• Task requirements:
Nothing but the text of the listing, repeated exactly, belongs in the answer; leave the images out.

+---+

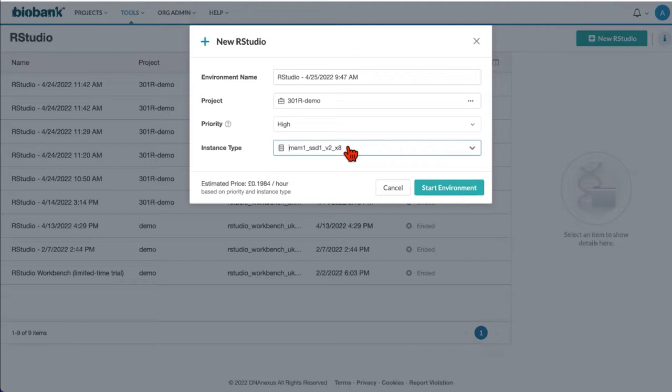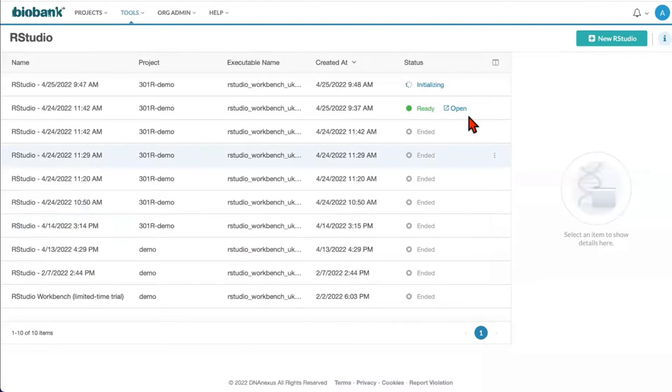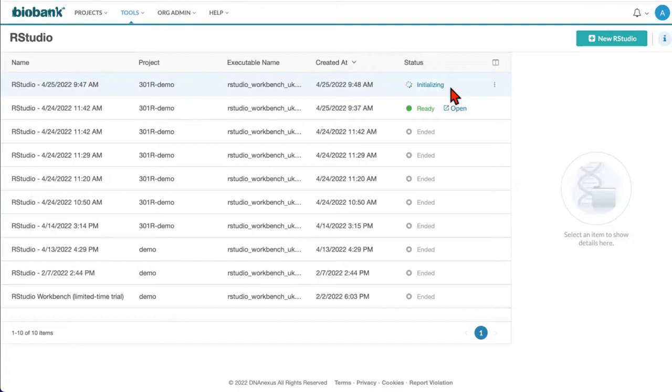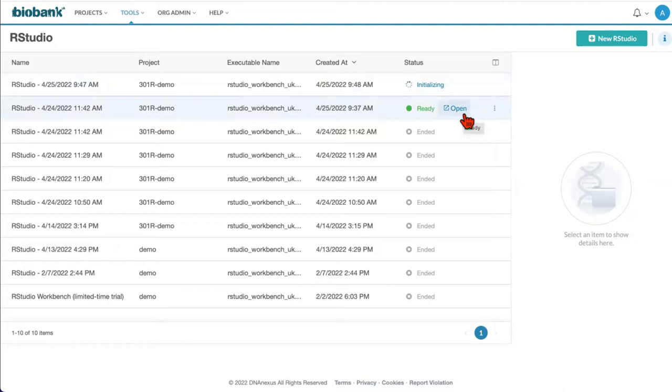You can then click on start environment and you see that now your job is in initializing status. Launching RStudio Workbench could take some time, a few moments. When it will be launched, you will see status as ready and the link will appear that will open RStudio session dialogue in the new tab.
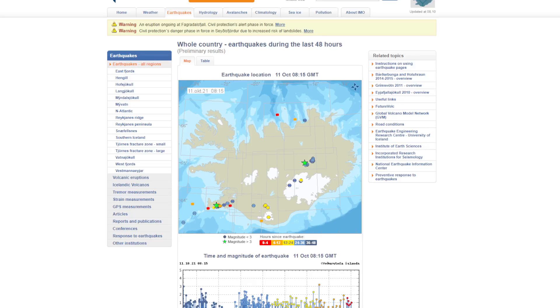Hey everyone, Rob here, and I have a quick update on some of the seismic activity that's going on around Keilir.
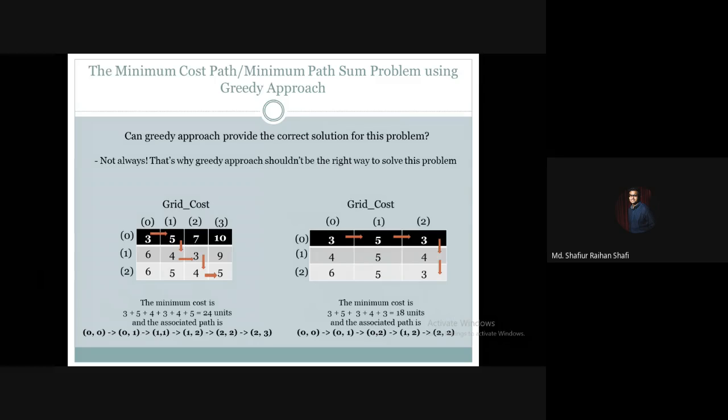The greedy approach gave us a result of 19 units, but when we solve the same problem using dynamic programming, the result is only 18 units. The DP optimal path is 0,0 → 0,1 → 0,2 → 1,2 → 2,2 with a total cost of 18 units.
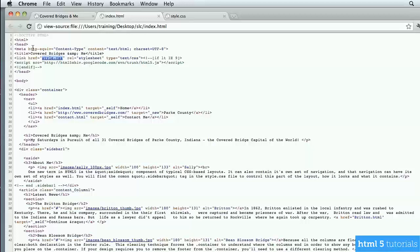The advantage to that is we can update it later by simply updating the external file, and all pages within the website that use that file will automatically have their formatting updated — so much easier than changing 20 web pages manually. Here in the head section, between the head tag and the close head tag, this is where we link and reference the CSS file. It's an external file.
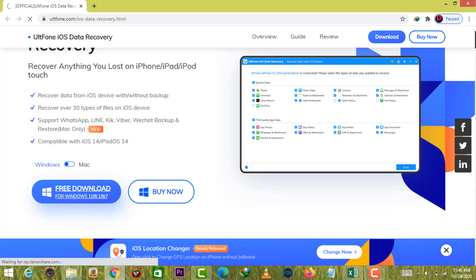It is easy to use and able to recover not only contacts, but also over 30 file types from all iOS devices. Let's see how it works.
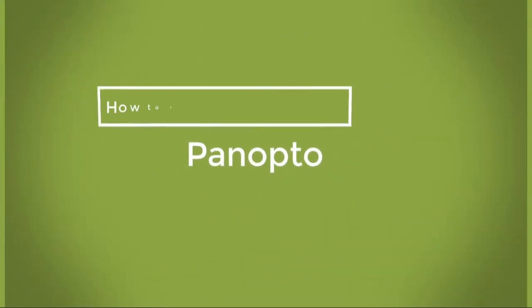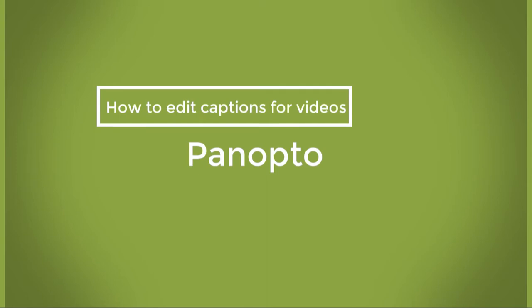In today's video, we'll be talking about how to edit captions for videos in Panopto.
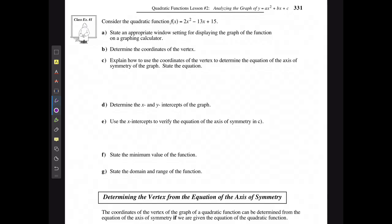Consider the quadratic function f(x) = 2x² - 13x + 15. When graphing on a calculator, as long as I can see the x-intercepts, the y-intercept, and the vertex, I should be in pretty good shape. The window settings I'll use are: x minimum of -5, maximum of 10, scale of 1; y minimum of -10, maximum of 30, scale of 5.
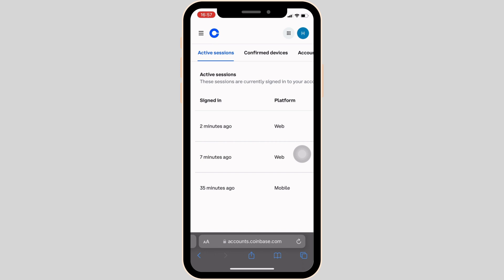Once you have been logged in, head over to your account settings. Inside account settings, at the very first, you'll get to see the option of active sessions.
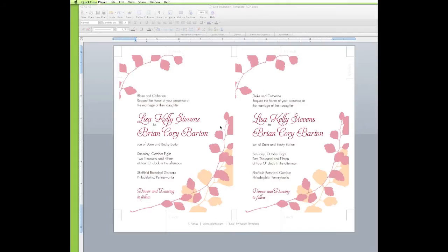Hi, this is Trisha Hegel for The Creative Bug, and today I'm going to show you how to edit a tier letter template.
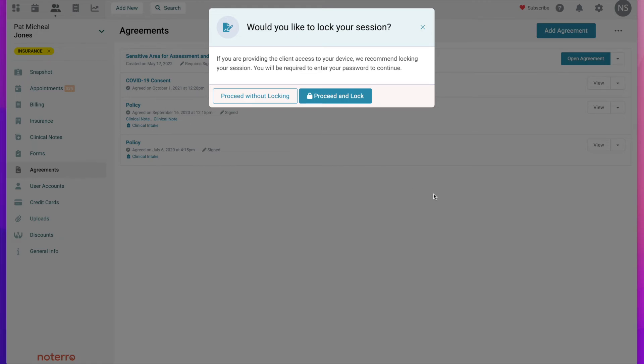That's how you would add an agreement specifically to a profile without having to attach it to a form — this would be individually sending out an agreement. Thank you for watching, and please click Subscribe if you'd like to be notified as new videos are released.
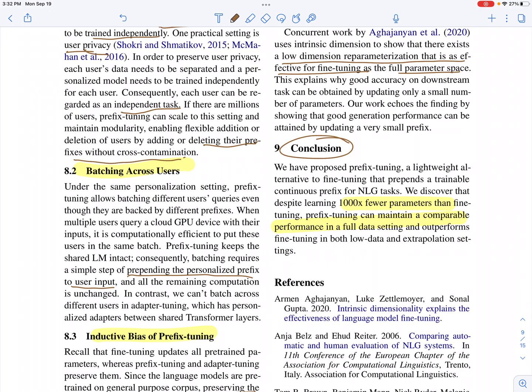The main takeaway is that fine-tuning requires updating many parameters, but prefix tuning uses roughly a thousand times fewer parameters and achieves comparable performance on the full dataset for tasks like table-to-text. For summarization there may be a slight performance drop, but prefix tuning really shines with less data and in extrapolation settings where the model hasn't seen a particular topic during training.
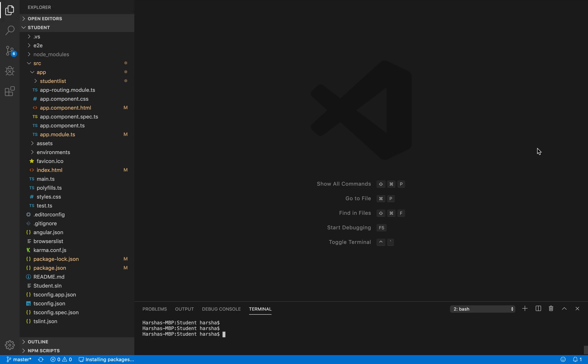Hi friends, in this video let's discuss about Angular routing. To understand the concept of Angular routing, let's create some sample components so that we can see how the navigation performs in Angular.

+---+

• Answer to this task:
You can then click on start environment and you see that now your job is in initializing status. Launching RStudio Workbench could take some time, a few moments. When it will be launched, you will see status as ready and the link will appear that will open RStudio session dialogue in the new tab.
Hey everyone, Rob here, and I have a quick update on some of the seismic activity that's going on around Keilir.
The greedy approach gave us a result of 19 units, but when we solve the same problem using dynamic programming, the result is only 18 units. The DP optimal path is 0,0 → 0,1 → 0,2 → 1,2 → 2,2 with a total cost of 18 units.
The advantage to that is we can update it later by simply updating the external file, and all pages within the website that use that file will automatically have their formatting updated — so much easier than changing 20 web pages manually. Here in the head section, between the head tag and the close head tag, this is where we link and reference the CSS file. It's an external file.
It is easy to use and able to recover not only contacts, but also over 30 file types from all iOS devices. Let's see how it works.
In today's video, we'll be talking about how to edit captions for videos in Panopto.
Consider the quadratic function f(x) = 2x² - 13x + 15. When graphing on a calculator, as long as I can see the x-intercepts, the y-intercept, and the vertex, I should be in pretty good shape. The window settings I'll use are: x minimum of -5, maximum of 10, scale of 1; y minimum of -10, maximum of 30, scale of 5.
Once you have been logged in, head over to your account settings. Inside account settings, at the very first, you'll get to see the option of active sessions.
Hi, this is Trisha Hegel for The Creative Bug, and today I'm going to show you how to edit a tier letter template.
That's how you would add an agreement specifically to a profile without having to attach it to a form — this would be individually sending out an agreement. Thank you for watching, and please click Subscribe if you'd like to be notified as new videos are released.
The main takeaway is that fine-tuning requires updating many parameters, but prefix tuning uses roughly a thousand times fewer parameters and achieves comparable performance on the full dataset for tasks like table-to-text. For summarization there may be a slight performance drop, but prefix tuning really shines with less data and in extrapolation settings where the model hasn't seen a particular topic during training.
Hi friends, in this video let's discuss about Angular routing. To understand the concept of Angular routing, let's create some sample components so that we can see how the navigation performs in Angular.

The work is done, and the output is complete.